On Monday the 58-year-old operational firefighter left Walhalla leading his expedition of other emergency services staff and family members to walk the nearly 700 kilometres of the Australian Alps Walking Track.
“There’s been so much snow late in the season. It’s unexpected. It’s scaring us,” Mr Evans told The Express last week.
A last minute purchase of snow shoes will add to the 20 to 25-kilogram packs on the backs of the walking party as they ascend over Mount Hotham and Mount Kosciusko and arrive in the Namadgi National Park in the Australian Capital Territory.
“I noticed on top of Mount Erica after doing a food drop … there’s a real crust of at least a foot of snow across the plateau. You sink right into the snow with every step,” the Gembrook resident said.

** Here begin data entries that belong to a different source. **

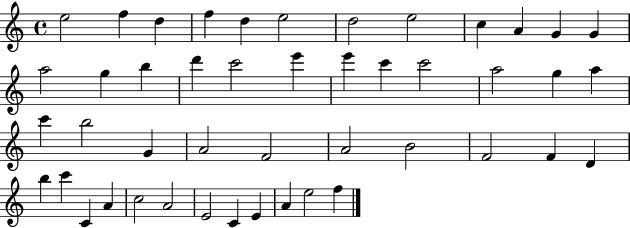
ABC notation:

X:1
T:Untitled
M:4/4
L:1/4
K:C
e2 f d f d e2 d2 e2 c A G G a2 g b d' c'2 e' e' c' c'2 a2 g a c' b2 G A2 F2 A2 B2 F2 F D b c' C A c2 A2 E2 C E A e2 f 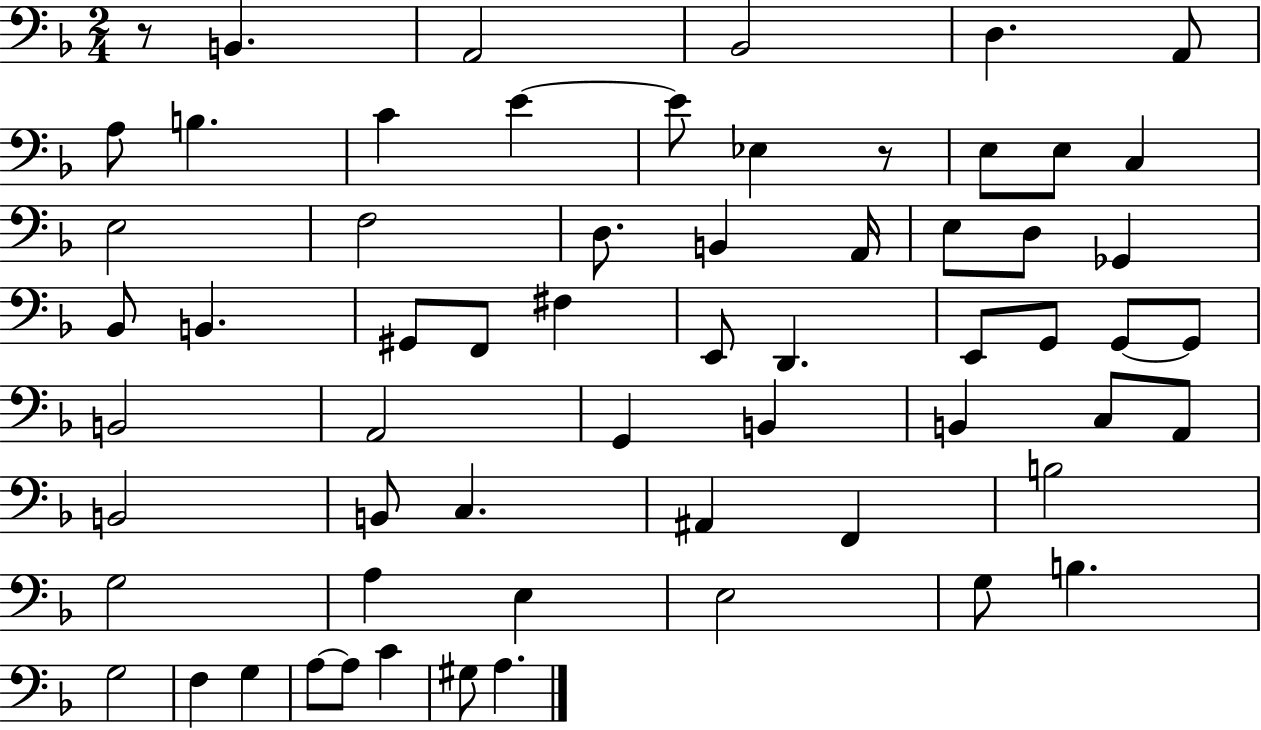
X:1
T:Untitled
M:2/4
L:1/4
K:F
z/2 B,, A,,2 _B,,2 D, A,,/2 A,/2 B, C E E/2 _E, z/2 E,/2 E,/2 C, E,2 F,2 D,/2 B,, A,,/4 E,/2 D,/2 _G,, _B,,/2 B,, ^G,,/2 F,,/2 ^F, E,,/2 D,, E,,/2 G,,/2 G,,/2 G,,/2 B,,2 A,,2 G,, B,, B,, C,/2 A,,/2 B,,2 B,,/2 C, ^A,, F,, B,2 G,2 A, E, E,2 G,/2 B, G,2 F, G, A,/2 A,/2 C ^G,/2 A, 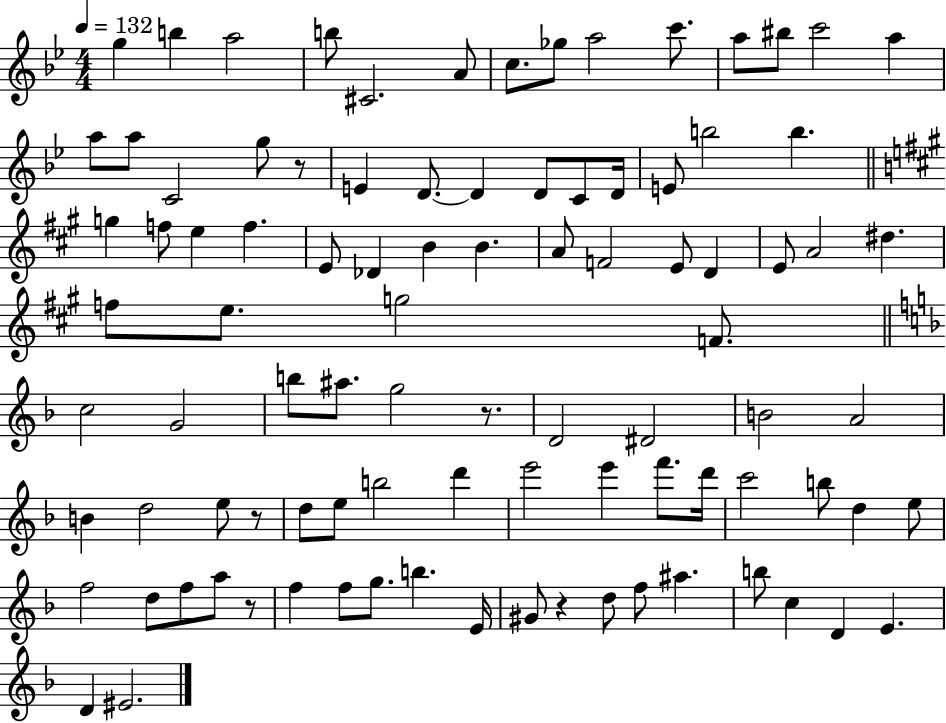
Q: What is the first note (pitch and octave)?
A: G5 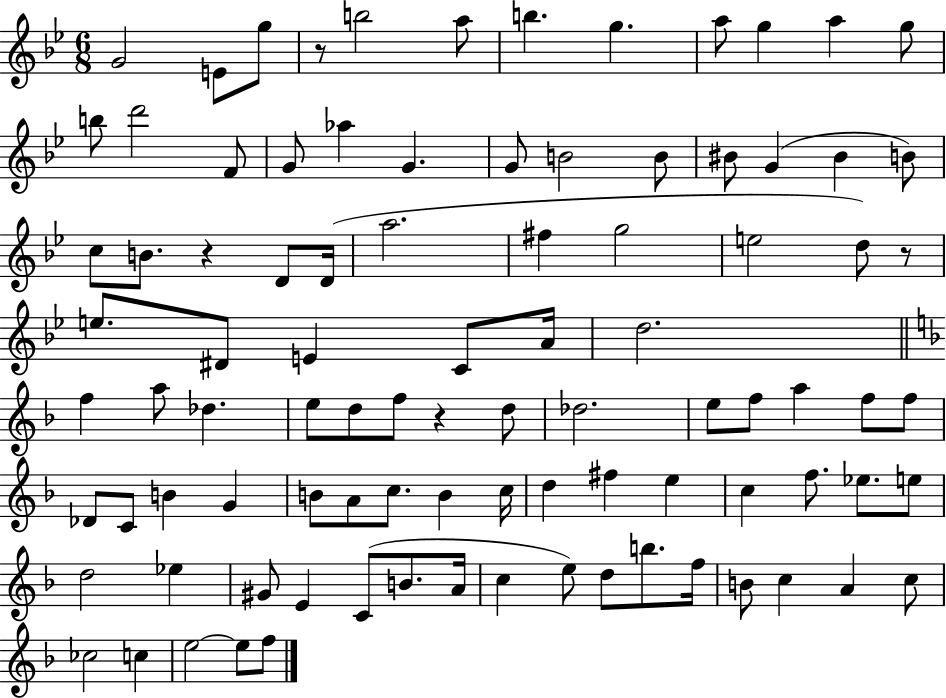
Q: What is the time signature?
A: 6/8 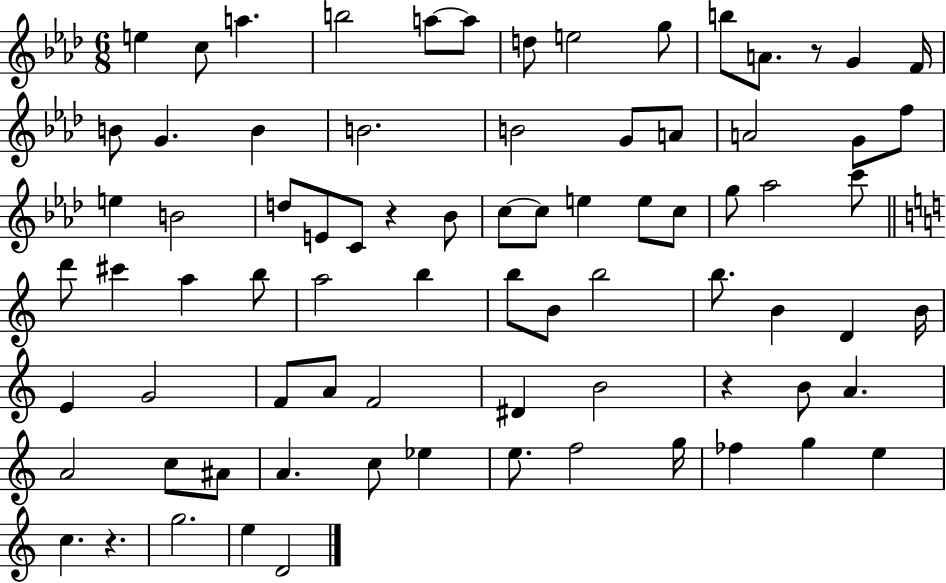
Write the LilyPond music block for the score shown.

{
  \clef treble
  \numericTimeSignature
  \time 6/8
  \key aes \major
  e''4 c''8 a''4. | b''2 a''8~~ a''8 | d''8 e''2 g''8 | b''8 a'8. r8 g'4 f'16 | \break b'8 g'4. b'4 | b'2. | b'2 g'8 a'8 | a'2 g'8 f''8 | \break e''4 b'2 | d''8 e'8 c'8 r4 bes'8 | c''8~~ c''8 e''4 e''8 c''8 | g''8 aes''2 c'''8 | \break \bar "||" \break \key c \major d'''8 cis'''4 a''4 b''8 | a''2 b''4 | b''8 b'8 b''2 | b''8. b'4 d'4 b'16 | \break e'4 g'2 | f'8 a'8 f'2 | dis'4 b'2 | r4 b'8 a'4. | \break a'2 c''8 ais'8 | a'4. c''8 ees''4 | e''8. f''2 g''16 | fes''4 g''4 e''4 | \break c''4. r4. | g''2. | e''4 d'2 | \bar "|."
} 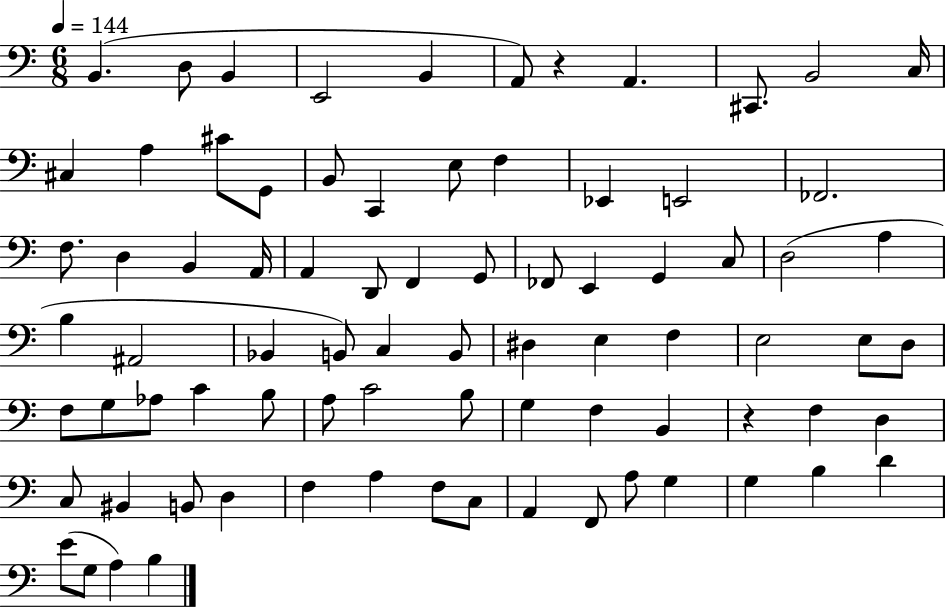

The walkers are relying on Parks Victoria’s Kerryn McTaggart to navigate the group through unmarked, wilderness sections of the trail “where expert navigation is essential”.
Mr Evans is the only one in his group who has hiked any sections of the Australian Alps Walking Trail, and he said for most of the team, this would be the first time they’d hiked and camped more than three or four days at a time.
He’s naturally concerned about blisters and the extreme test of endurance of the trek, so they have decided to fast-track it to 34 days to allow Dr McTaggart to be back at work by mid-November.
“The rate of travel that we have committed to means we will be ascending between 900 and 1000 metres per day,” Mr Evans said. “It will be a disaster if any of our food drops are missing.
“We’ve hidden most of them in the bush and if any rodents get into them or any other humans find them and think they need them more than us, we will be in big trouble.”
Mr Evans’ motivation to take on such a feat is to help increase the standard of education for Indigenous people.
“It is just very clear that our Indigenous brothers and sisters are having terrible struggles with attaining an education level that will sustain them through life,” he said.
“The Cathy Freeman Foundation focuses on providing scholarships and solid education for many, many thousand Indigenous children who otherwise do not receive it.”